#### WHAT TO DO:
Word for word, restate the lines from the start of the data down to the line with "Black Girly Unicorn Pattern Print Phone Case", both included.

#### DATASET ENTRIES:

_ _ _

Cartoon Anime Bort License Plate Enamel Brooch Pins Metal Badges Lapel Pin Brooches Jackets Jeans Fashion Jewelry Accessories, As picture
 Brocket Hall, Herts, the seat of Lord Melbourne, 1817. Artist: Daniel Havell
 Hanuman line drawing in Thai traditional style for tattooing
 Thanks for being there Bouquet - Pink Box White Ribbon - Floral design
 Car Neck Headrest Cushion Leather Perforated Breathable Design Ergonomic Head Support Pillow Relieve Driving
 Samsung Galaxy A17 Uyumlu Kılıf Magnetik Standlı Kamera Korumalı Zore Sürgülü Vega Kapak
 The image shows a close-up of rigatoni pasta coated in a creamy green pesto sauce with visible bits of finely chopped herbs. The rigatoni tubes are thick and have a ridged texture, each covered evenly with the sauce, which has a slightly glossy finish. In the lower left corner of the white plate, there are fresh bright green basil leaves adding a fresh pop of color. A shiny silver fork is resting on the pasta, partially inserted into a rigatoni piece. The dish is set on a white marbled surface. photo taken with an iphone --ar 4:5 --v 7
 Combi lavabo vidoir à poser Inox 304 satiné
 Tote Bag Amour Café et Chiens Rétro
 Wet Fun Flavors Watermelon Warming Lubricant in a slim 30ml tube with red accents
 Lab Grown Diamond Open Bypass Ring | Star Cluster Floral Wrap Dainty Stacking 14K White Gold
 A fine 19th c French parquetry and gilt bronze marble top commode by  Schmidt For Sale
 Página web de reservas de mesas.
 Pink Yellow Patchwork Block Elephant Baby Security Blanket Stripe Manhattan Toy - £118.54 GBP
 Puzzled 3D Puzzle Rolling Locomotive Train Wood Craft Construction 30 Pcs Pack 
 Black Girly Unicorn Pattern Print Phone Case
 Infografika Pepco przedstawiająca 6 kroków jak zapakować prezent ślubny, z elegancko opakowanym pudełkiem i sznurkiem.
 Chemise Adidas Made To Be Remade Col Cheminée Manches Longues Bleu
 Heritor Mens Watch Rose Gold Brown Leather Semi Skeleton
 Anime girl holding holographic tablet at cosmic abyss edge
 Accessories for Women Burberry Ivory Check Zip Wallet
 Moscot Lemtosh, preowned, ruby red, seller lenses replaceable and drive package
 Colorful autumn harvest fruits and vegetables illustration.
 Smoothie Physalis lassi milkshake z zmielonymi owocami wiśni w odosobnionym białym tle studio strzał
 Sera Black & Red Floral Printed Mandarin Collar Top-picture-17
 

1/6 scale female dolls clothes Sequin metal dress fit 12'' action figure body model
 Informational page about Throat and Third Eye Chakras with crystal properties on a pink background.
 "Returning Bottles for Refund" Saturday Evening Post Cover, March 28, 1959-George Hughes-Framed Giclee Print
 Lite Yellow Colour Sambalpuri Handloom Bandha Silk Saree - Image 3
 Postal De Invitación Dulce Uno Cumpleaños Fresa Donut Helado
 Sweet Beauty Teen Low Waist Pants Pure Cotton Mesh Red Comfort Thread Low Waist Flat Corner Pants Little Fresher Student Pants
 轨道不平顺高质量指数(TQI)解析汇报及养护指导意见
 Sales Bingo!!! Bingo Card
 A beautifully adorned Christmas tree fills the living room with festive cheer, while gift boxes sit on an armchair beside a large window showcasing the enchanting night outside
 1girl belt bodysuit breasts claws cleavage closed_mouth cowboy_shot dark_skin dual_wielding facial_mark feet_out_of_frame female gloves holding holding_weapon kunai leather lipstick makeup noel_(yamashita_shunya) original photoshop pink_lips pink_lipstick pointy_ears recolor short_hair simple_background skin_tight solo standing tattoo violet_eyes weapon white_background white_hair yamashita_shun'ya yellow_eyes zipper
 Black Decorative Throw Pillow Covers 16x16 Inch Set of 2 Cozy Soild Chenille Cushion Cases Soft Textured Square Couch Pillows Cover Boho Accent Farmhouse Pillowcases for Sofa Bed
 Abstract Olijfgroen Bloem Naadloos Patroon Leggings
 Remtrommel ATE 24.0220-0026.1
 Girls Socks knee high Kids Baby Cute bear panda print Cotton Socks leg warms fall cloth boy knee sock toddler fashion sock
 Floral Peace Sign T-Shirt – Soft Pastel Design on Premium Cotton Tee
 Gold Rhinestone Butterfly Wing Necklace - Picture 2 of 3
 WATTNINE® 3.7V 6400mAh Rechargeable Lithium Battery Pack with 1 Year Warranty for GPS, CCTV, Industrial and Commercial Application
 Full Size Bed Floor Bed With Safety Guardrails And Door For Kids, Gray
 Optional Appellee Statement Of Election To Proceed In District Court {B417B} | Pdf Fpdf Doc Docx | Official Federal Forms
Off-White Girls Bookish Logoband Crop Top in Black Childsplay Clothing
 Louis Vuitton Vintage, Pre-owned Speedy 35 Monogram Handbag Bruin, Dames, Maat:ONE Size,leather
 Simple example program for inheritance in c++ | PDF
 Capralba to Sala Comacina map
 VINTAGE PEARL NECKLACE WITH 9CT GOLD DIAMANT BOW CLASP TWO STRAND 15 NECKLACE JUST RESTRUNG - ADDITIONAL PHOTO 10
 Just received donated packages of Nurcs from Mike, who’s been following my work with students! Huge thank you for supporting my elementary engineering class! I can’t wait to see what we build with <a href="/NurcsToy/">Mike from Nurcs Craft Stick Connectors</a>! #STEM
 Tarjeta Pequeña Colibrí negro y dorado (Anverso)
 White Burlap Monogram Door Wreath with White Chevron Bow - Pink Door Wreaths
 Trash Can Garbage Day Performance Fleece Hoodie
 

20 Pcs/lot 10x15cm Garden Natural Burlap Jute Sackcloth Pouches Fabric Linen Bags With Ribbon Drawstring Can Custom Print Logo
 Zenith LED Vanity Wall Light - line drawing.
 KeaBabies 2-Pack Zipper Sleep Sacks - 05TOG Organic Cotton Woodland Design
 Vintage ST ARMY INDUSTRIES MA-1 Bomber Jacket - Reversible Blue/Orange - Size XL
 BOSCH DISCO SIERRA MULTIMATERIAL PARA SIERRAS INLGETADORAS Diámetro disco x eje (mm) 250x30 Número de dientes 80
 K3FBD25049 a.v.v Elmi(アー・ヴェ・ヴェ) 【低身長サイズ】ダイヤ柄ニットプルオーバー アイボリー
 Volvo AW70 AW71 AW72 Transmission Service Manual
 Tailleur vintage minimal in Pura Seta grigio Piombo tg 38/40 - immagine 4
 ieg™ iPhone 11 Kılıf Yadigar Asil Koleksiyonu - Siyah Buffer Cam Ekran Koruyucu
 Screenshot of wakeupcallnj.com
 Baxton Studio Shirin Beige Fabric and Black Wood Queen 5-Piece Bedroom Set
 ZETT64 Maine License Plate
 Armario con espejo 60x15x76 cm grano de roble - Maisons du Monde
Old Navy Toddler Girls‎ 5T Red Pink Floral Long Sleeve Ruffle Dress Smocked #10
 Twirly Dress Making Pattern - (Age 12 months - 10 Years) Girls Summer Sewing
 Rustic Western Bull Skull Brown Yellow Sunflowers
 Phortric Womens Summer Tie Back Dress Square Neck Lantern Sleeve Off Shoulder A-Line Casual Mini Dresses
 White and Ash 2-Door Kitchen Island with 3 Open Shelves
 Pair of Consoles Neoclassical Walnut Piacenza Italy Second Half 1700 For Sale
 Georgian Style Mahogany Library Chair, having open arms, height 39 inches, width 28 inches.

_ _ _

#### TASK ANSWER:
Cartoon Anime Bort License Plate Enamel Brooch Pins Metal Badges Lapel Pin Brooches Jackets Jeans Fashion Jewelry Accessories, As picture
 Brocket Hall, Herts, the seat of Lord Melbourne, 1817. Artist: Daniel Havell
 Hanuman line drawing in Thai traditional style for tattooing
 Thanks for being there Bouquet - Pink Box White Ribbon - Floral design
 Car Neck Headrest Cushion Leather Perforated Breathable Design Ergonomic Head Support Pillow Relieve Driving
 Samsung Galaxy A17 Uyumlu Kılıf Magnetik Standlı Kamera Korumalı Zore Sürgülü Vega Kapak
 The image shows a close-up of rigatoni pasta coated in a creamy green pesto sauce with visible bits of finely chopped herbs. The rigatoni tubes are thick and have a ridged texture, each covered evenly with the sauce, which has a slightly glossy finish. In the lower left corner of the white plate, there are fresh bright green basil leaves adding a fresh pop of color. A shiny silver fork is resting on the pasta, partially inserted into a rigatoni piece. The dish is set on a white marbled surface. photo taken with an iphone --ar 4:5 --v 7
 Combi lavabo vidoir à poser Inox 304 satiné
 Tote Bag Amour Café et Chiens Rétro
 Wet Fun Flavors Watermelon Warming Lubricant in a slim 30ml tube with red accents
 Lab Grown Diamond Open Bypass Ring | Star Cluster Floral Wrap Dainty Stacking 14K White Gold
 A fine 19th c French parquetry and gilt bronze marble top commode by  Schmidt For Sale
 Página web de reservas de mesas.
 Pink Yellow Patchwork Block Elephant Baby Security Blanket Stripe Manhattan Toy - £118.54 GBP
 Puzzled 3D Puzzle Rolling Locomotive Train Wood Craft Construction 30 Pcs Pack 
 Black Girly Unicorn Pattern Print Phone Case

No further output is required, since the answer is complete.